A palpable sense of loss and displacement has informed Simonds' songs throughout the Neither Speak recordings, and never more so than on Allure. "I'm like a fish that's breathing sand, so longing" she sings on the album's centerpiece Long Distance, the stark emotion of her voice mirrored by Fripp's shimmering guitar figures and Michael Begg's piano treatments and "melancholia implants." As with her previous songs, the object of Simonds' longing is never given a specific name or identity, so Long Distance and the opening title track might be addressed to a missing lover, or they could be hymns from a disillusioned believer to an absent God.

Throughout Allure, the various members of Fovea Hex continually bolster Simonds' songs with unexpected instrumental flourishes, as with Donal Lunny's exotic bodhrán on Long Distance or with the tasteful Celtic strings on Allure. Intriguingly, Simonds and company have chosen to close out the album, and hence the entire trilogy, with the instrumental Neither Speak Nor Remain Silent. Counterbalanced with Percy Jones' subaquatic bass and Sample's nature recordings, Simonds concludes this series with a prolonged, enigmatic whisper, one that can seem an alternately soothing and vaguely disquieting finale to Fovea Hex's adventure.

Limited editions of Allure come packaged with the bonus disc An Answer, which features the EP's material re-mixed by Andrew McKenzie into a luminous, hour-length meditation.

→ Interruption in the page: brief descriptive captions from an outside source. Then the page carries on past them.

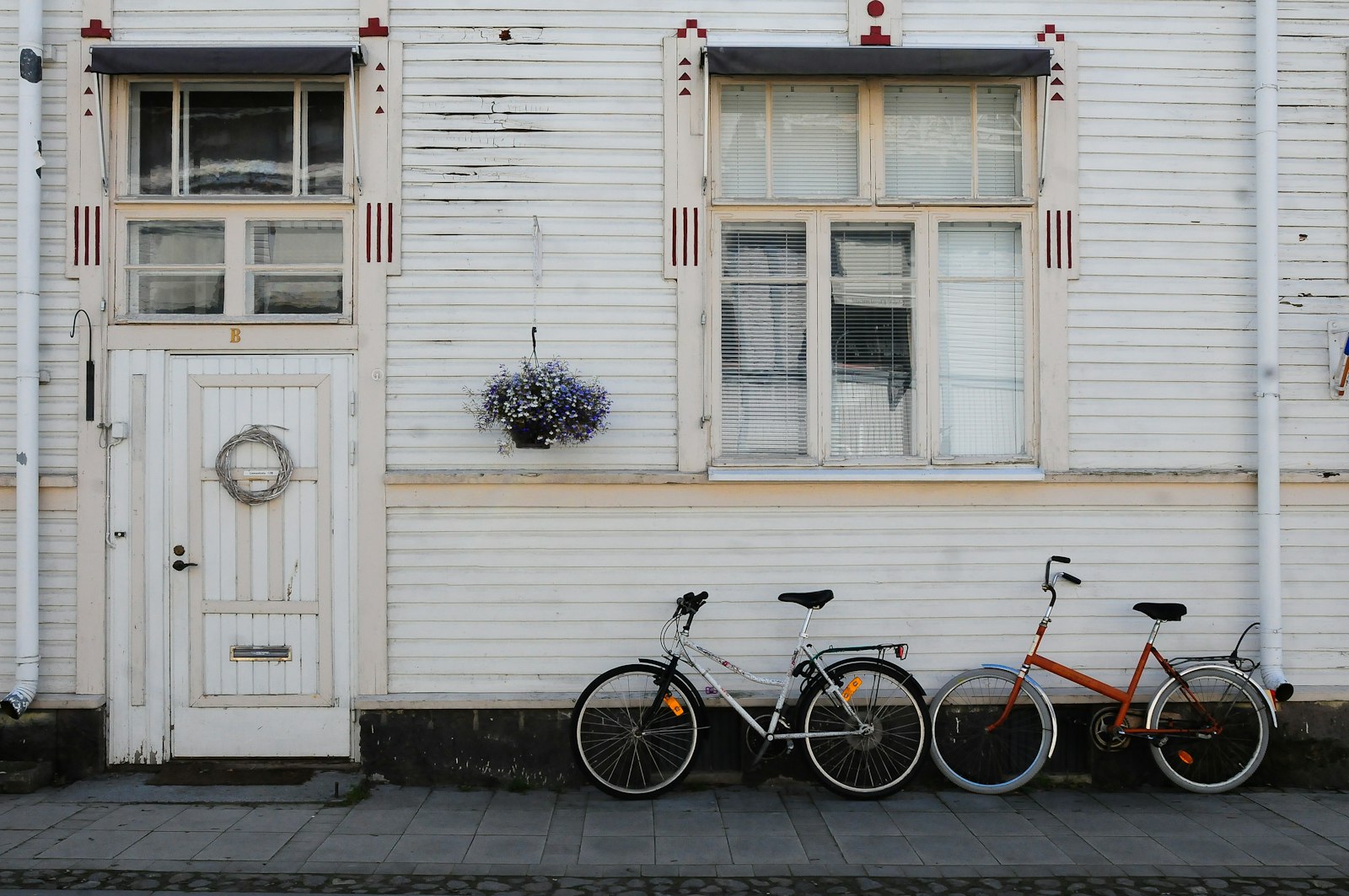 Nikon D300S + Nikon AF-S Nikkor 17-35mm F2.8D ED-IF sample photo. Two bicycles parked beside photography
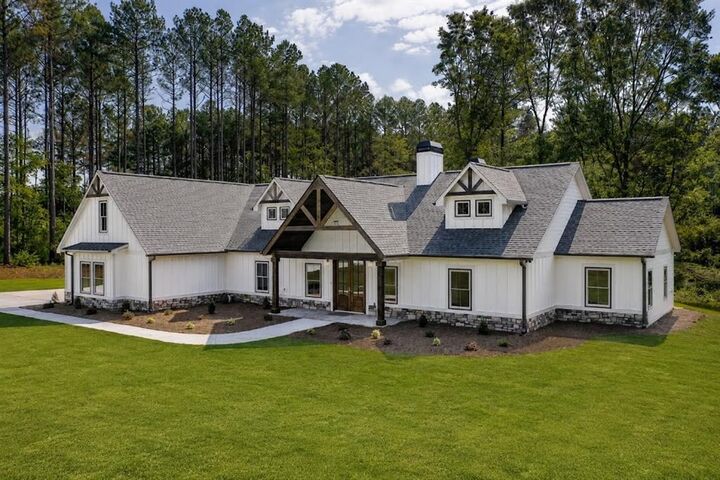 Property Photo: 153 Riversong Road GA 30117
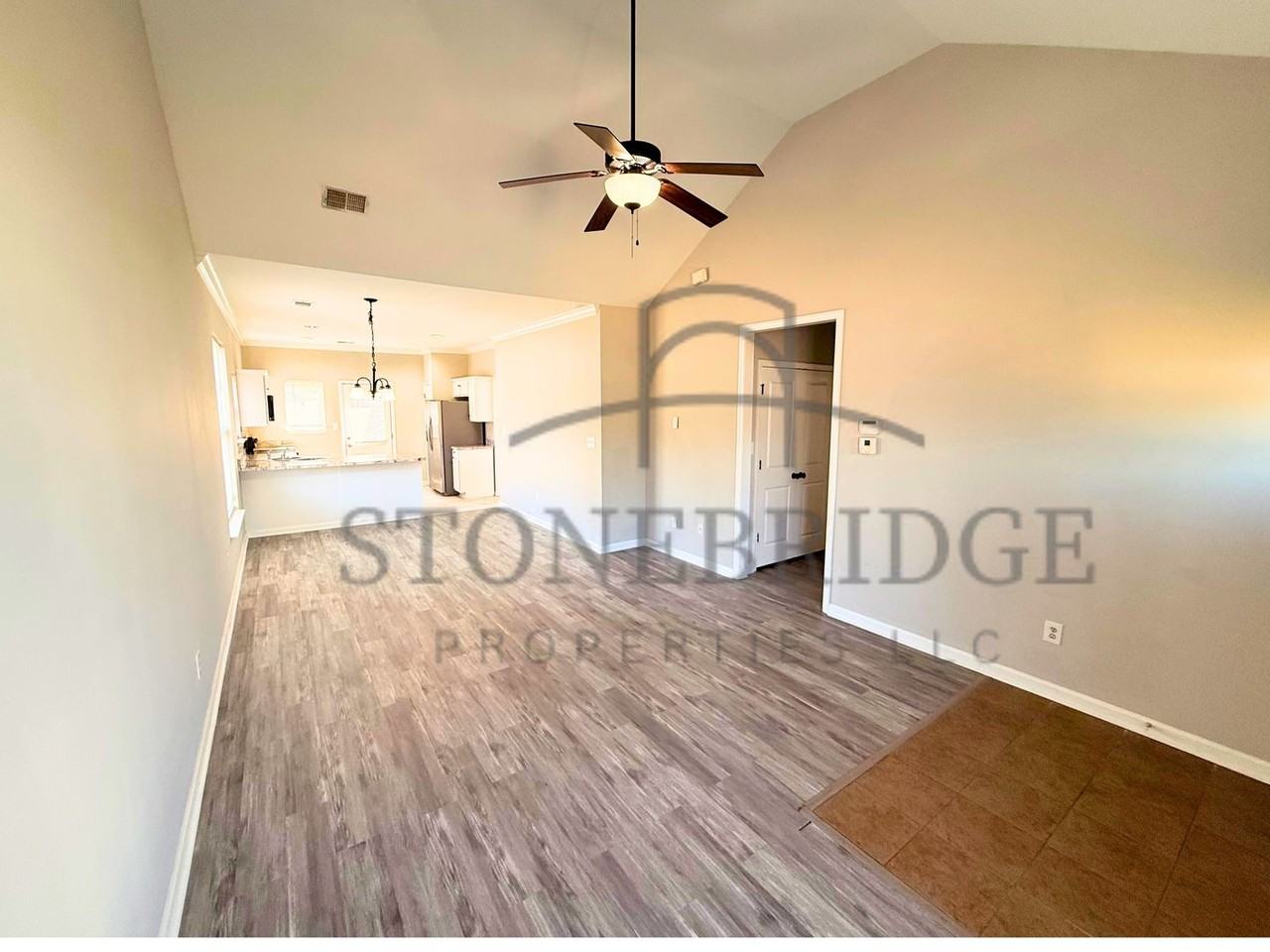 101 The Heights Dr - Photo 3 of 15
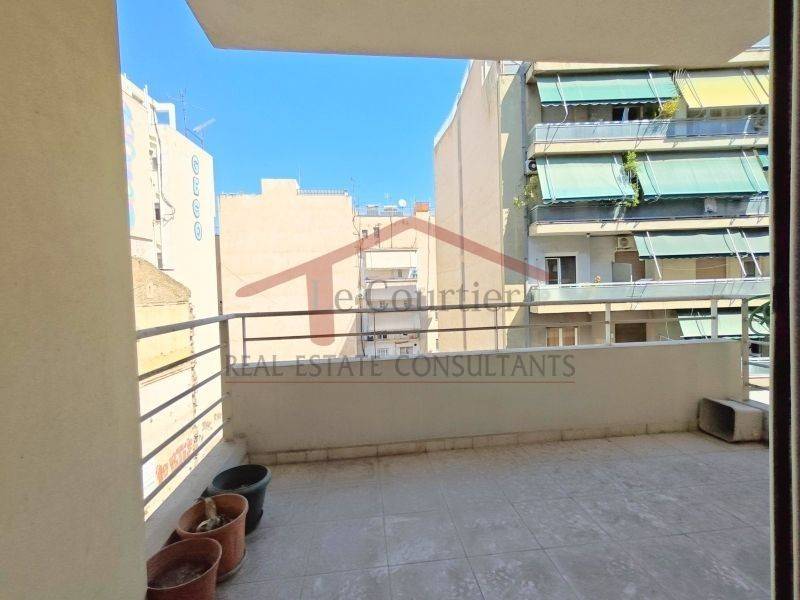 Θέα από μπαλκόνι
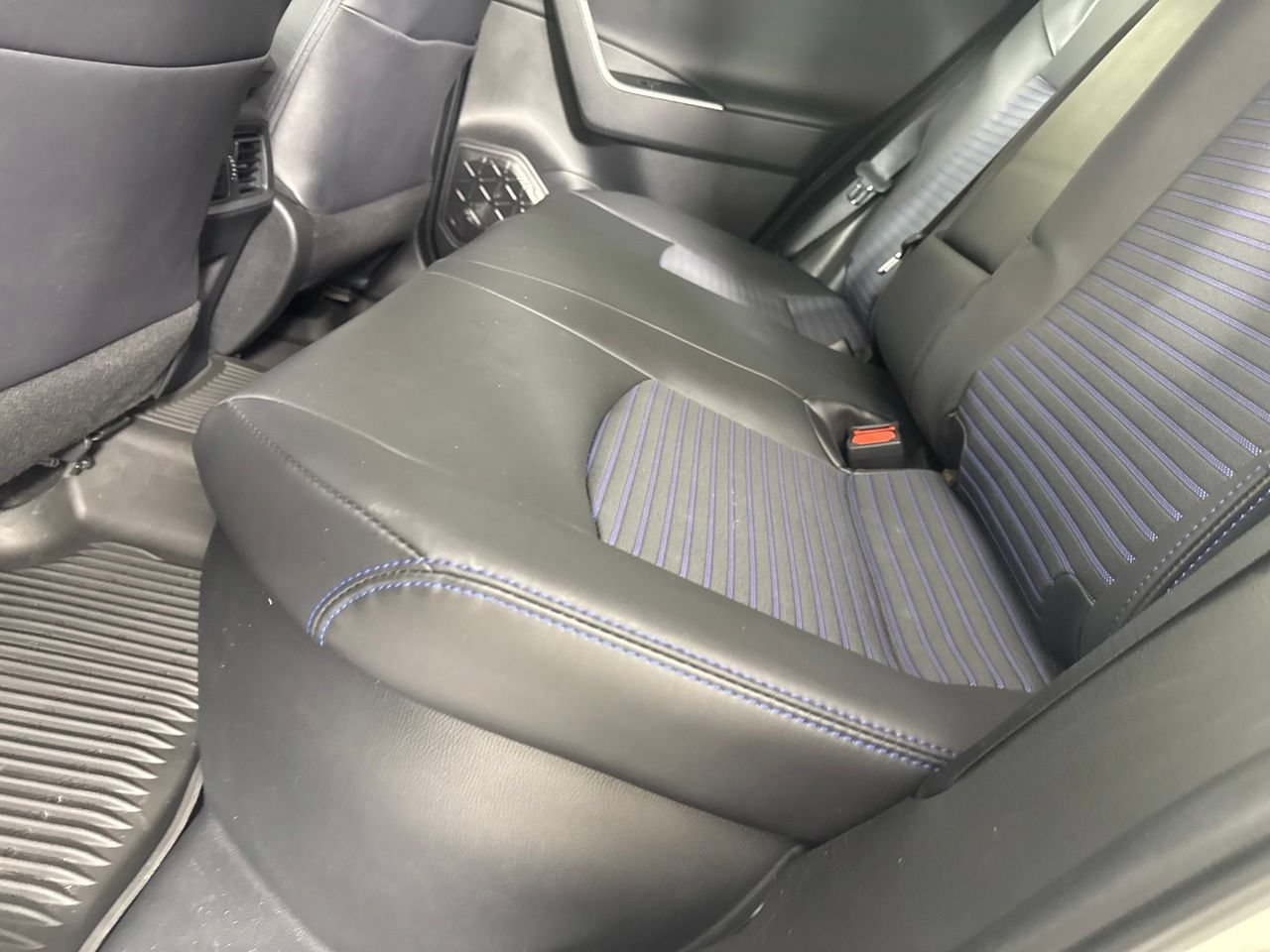 Used 2021 Toyota RAV4 XSE AWD/4WD image 28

And now that the Neither Speak Nor Remain Silent series is finished, Fovea Hex also offers the three EPs together in a handsome boxed edition. Given the project's unified vision, this box set seems the best way to experience Fovea Hex, and putting these three EPs on in hypnotic succession can quite quickly become an addictive procedure. And though it might now appear that the group's work is complete, one can certainly hope that Simonds can someday find further alluring ways to put the Fovea Hex associates to use.